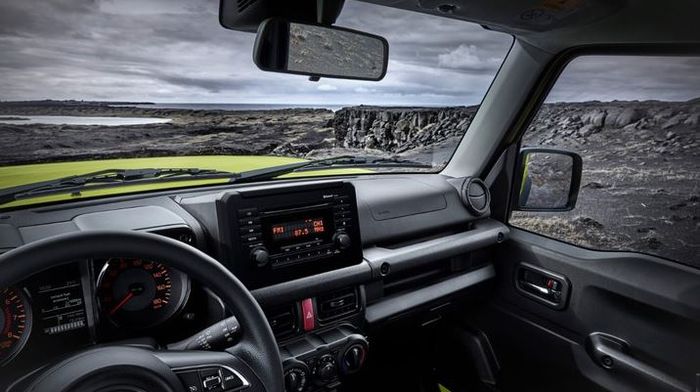 interior Suzuki Jimny di Jerman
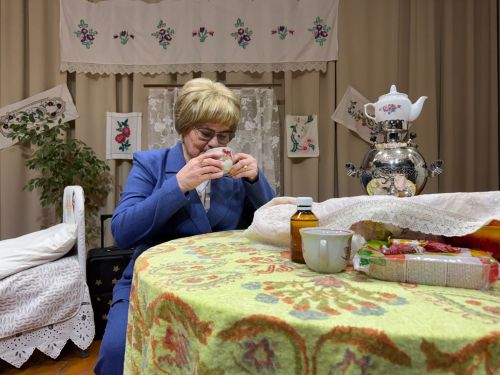 Гөлшат Мөхәммәтшина әсәре буенча куелган «Пар аккош» спектакле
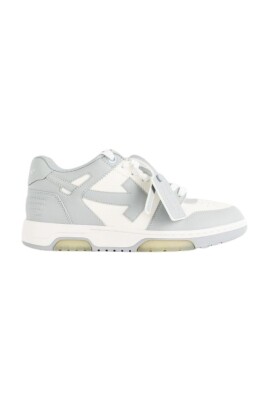 sneakers-grises-et-blanches-avec-logo-en-cuir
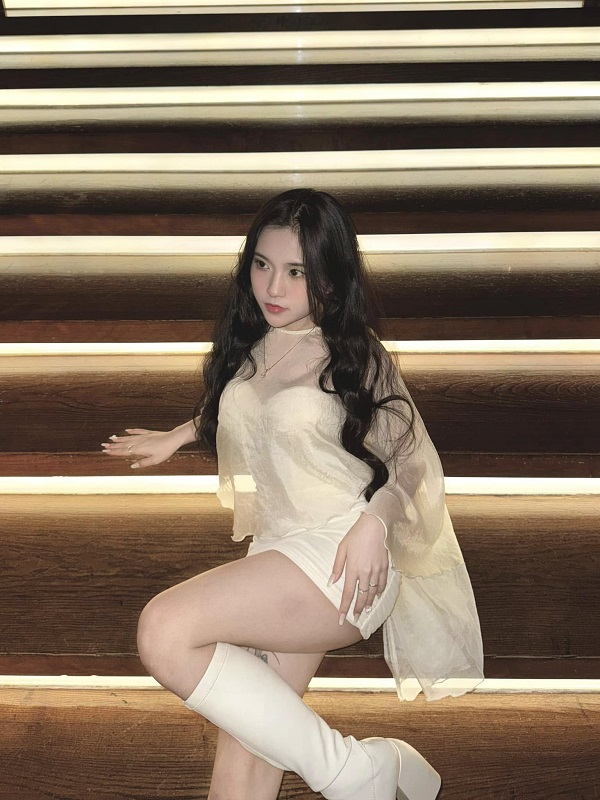 Hình ảnh một cô gái xinh đẹp diện váy ngắn, thật là quyến rũ!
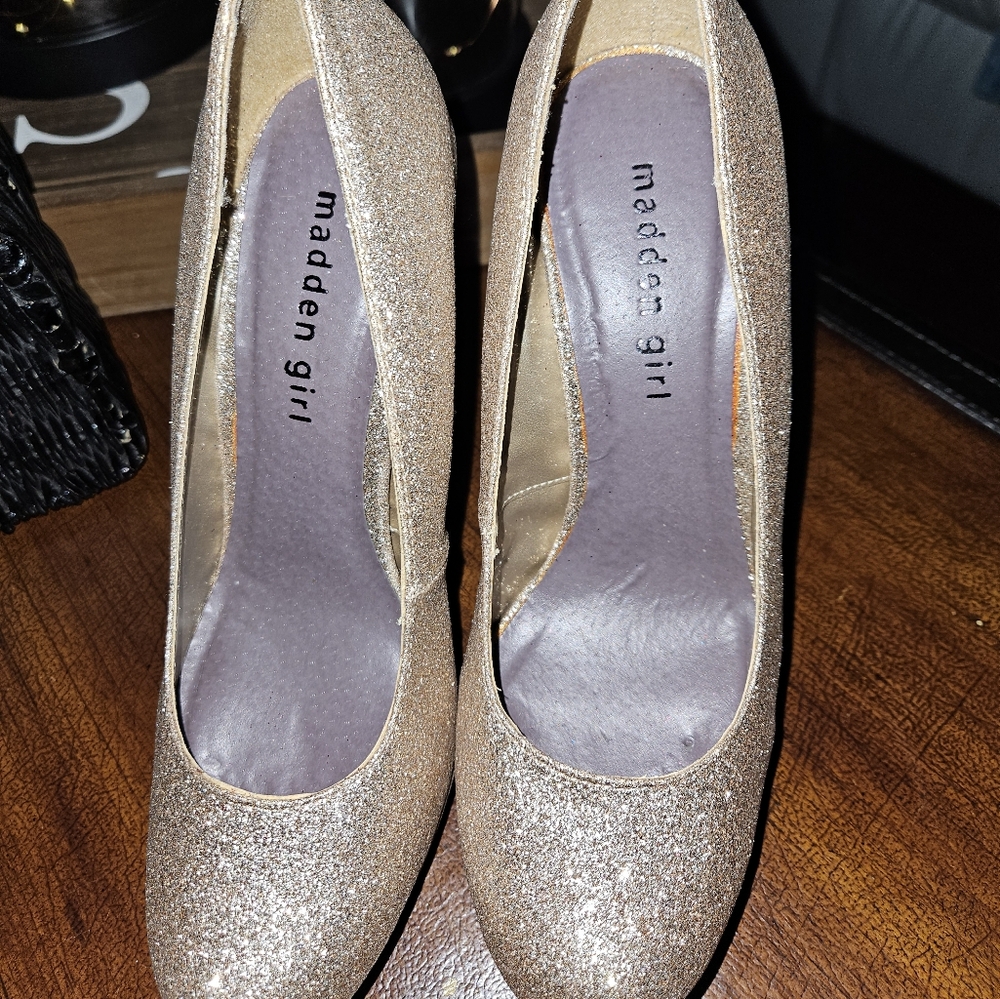 Madden Girl Gold Stilettos - Picture 2 of 4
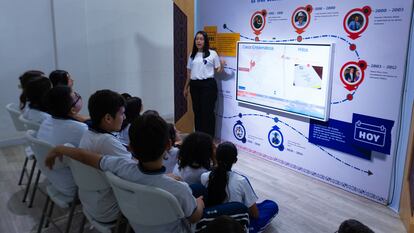 Una mediadora del museo itinerante de Villavicencio le explica a un grupo de estudiantes la historia de la Defensoría del Pueblo.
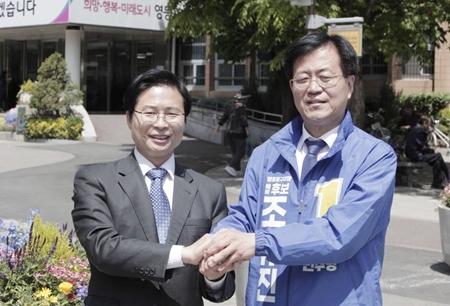 ▲결선 투표를 앞두고 지지를 선언한 이승훈 영등포구청장 예비 후보와 기념촬영을 하고 있다/페이스북 갈무리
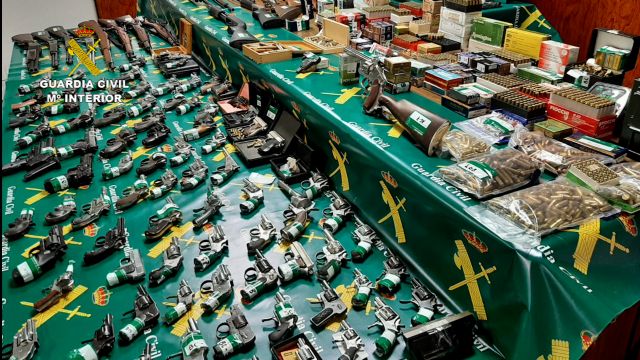 La Guardia Civil desarticula una organización dedicada al tráfico de armas y munición - 2, Foto 2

* Task to complete:
The result should be a transcript of the lines from the line containing "Гөлшат Мөхәммәтшина әсәре" through the end of the listing above, exact, inclusive, and without pictures.

* Written response:
 Гөлшат Мөхәммәтшина әсәре буенча куелган «Пар аккош» спектакле
 sneakers-grises-et-blanches-avec-logo-en-cuir
 Hình ảnh một cô gái xinh đẹp diện váy ngắn, thật là quyến rũ!
 Madden Girl Gold Stilettos - Picture 2 of 4
 Una mediadora del museo itinerante de Villavicencio le explica a un grupo de estudiantes la historia de la Defensoría del Pueblo.
 ▲결선 투표를 앞두고 지지를 선언한 이승훈 영등포구청장 예비 후보와 기념촬영을 하고 있다/페이스북 갈무리
 La Guardia Civil desarticula una organización dedicada al tráfico de armas y munición - 2, Foto 2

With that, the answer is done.